* _Try it_
An exact copy of the lines of the listing below between the "Dentes Doentes Humanos" line and the "Pediatric Lower Respiratory" line, both included, is the whole answer; please omit the pictures.

* _Supplied material_

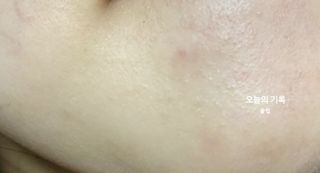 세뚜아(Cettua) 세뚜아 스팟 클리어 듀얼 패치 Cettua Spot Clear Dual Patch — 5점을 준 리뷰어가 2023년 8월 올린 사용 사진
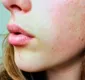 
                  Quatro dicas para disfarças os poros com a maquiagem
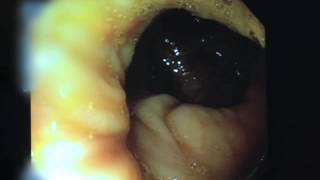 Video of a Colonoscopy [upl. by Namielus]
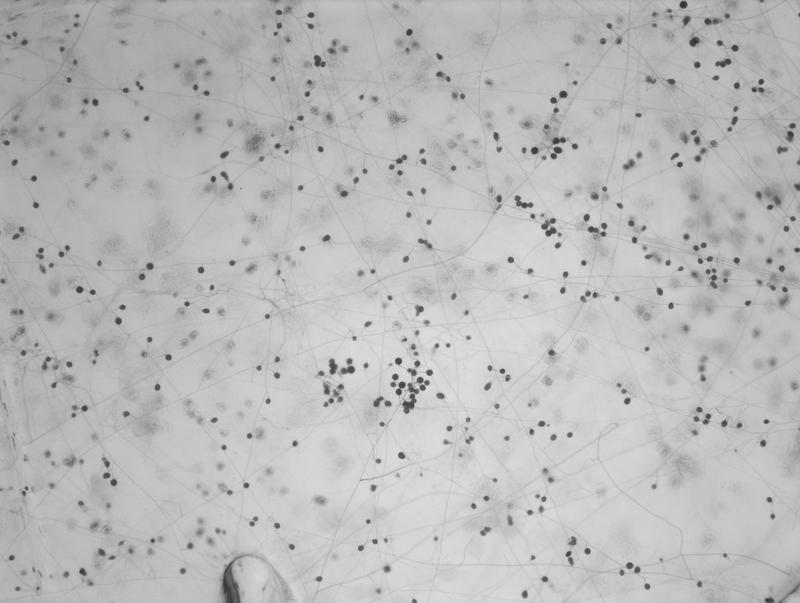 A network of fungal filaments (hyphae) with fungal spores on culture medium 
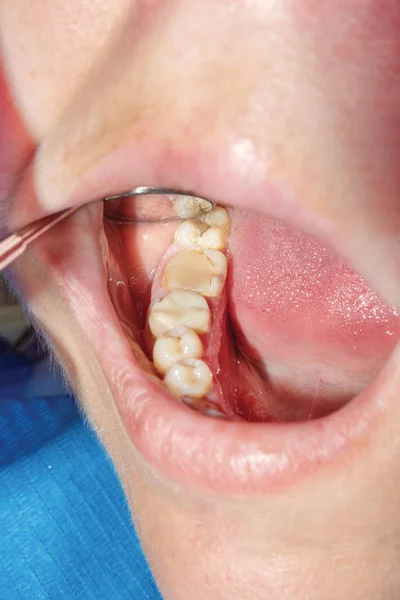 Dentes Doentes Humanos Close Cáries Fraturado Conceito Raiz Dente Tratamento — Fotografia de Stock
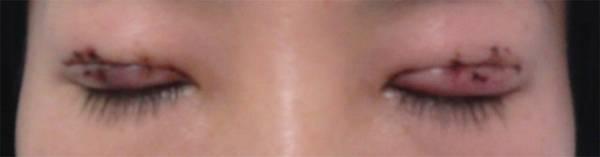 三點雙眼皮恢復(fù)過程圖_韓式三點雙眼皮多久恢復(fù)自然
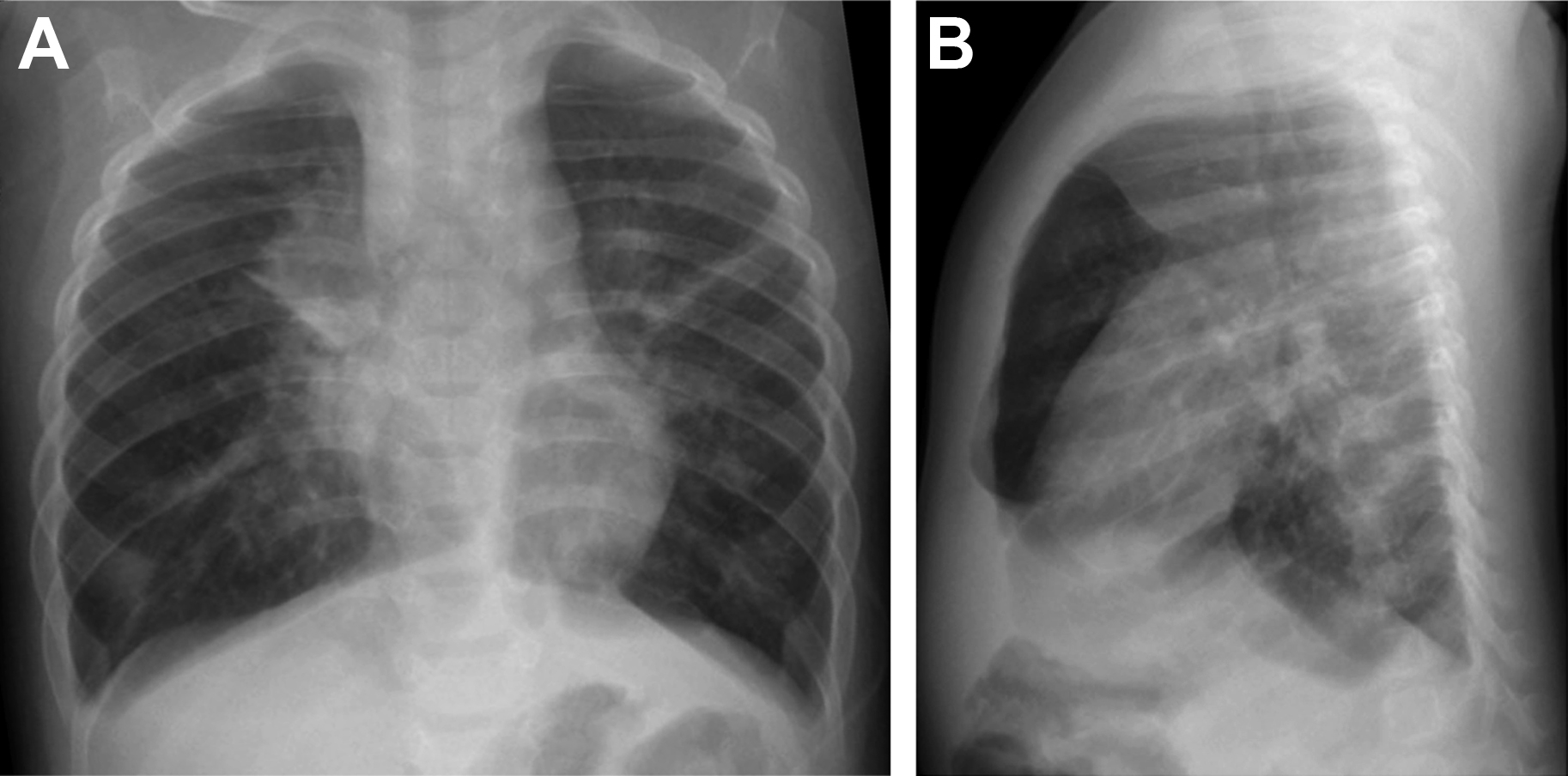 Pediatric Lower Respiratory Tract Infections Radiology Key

...

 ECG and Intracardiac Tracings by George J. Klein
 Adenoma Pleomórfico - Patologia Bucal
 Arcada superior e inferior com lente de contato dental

* _Answer to the problem_
 Dentes Doentes Humanos Close Cáries Fraturado Conceito Raiz Dente Tratamento — Fotografia de Stock
 三點雙眼皮恢復(fù)過程圖_韓式三點雙眼皮多久恢復(fù)自然
 Pediatric Lower Respiratory Tract Infections Radiology Key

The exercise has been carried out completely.